#### Supplied information ####
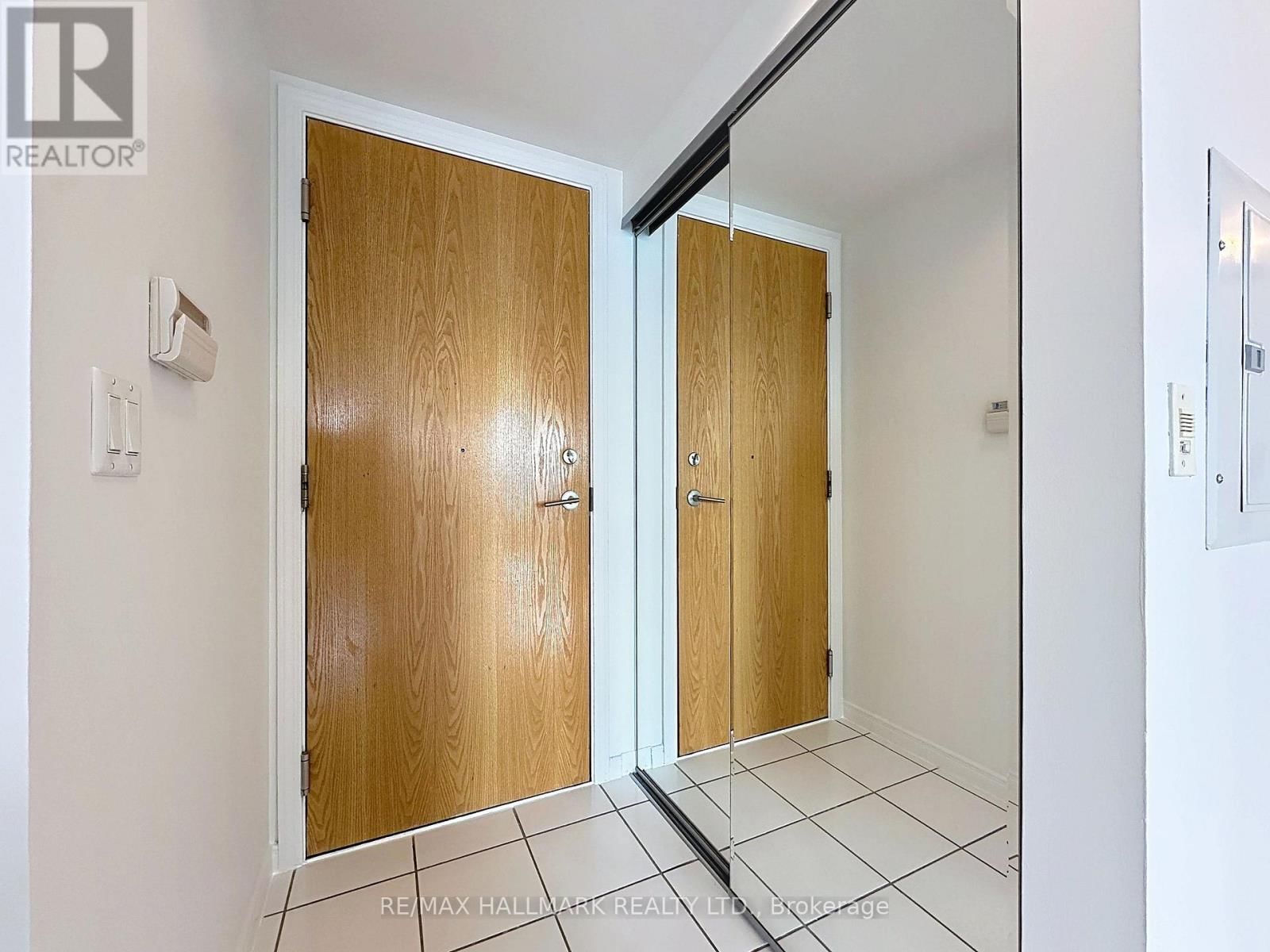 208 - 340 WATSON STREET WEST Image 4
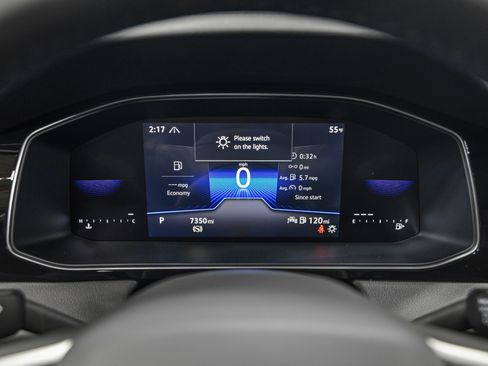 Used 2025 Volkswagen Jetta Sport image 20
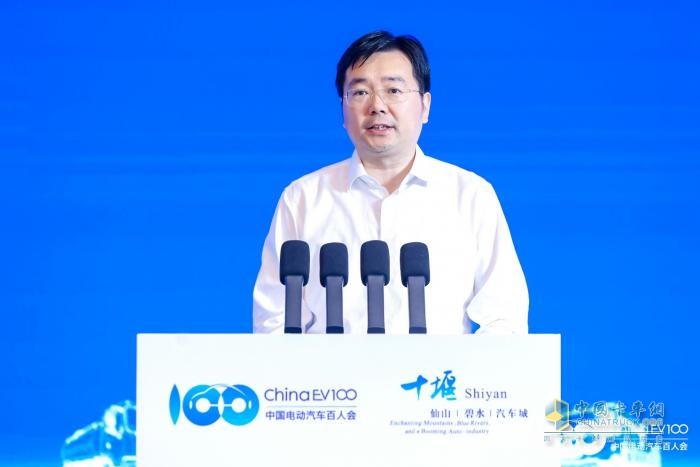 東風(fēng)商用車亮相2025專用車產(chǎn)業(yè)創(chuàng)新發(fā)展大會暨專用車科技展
####
What is needed: Once the pictures are removed, output the remaining material exactly.

Answer section:
 208 - 340 WATSON STREET WEST Image 4
 Used 2025 Volkswagen Jetta Sport image 20
 東風(fēng)商用車亮相2025專用車產(chǎn)業(yè)創(chuàng)新發(fā)展大會暨專用車科技展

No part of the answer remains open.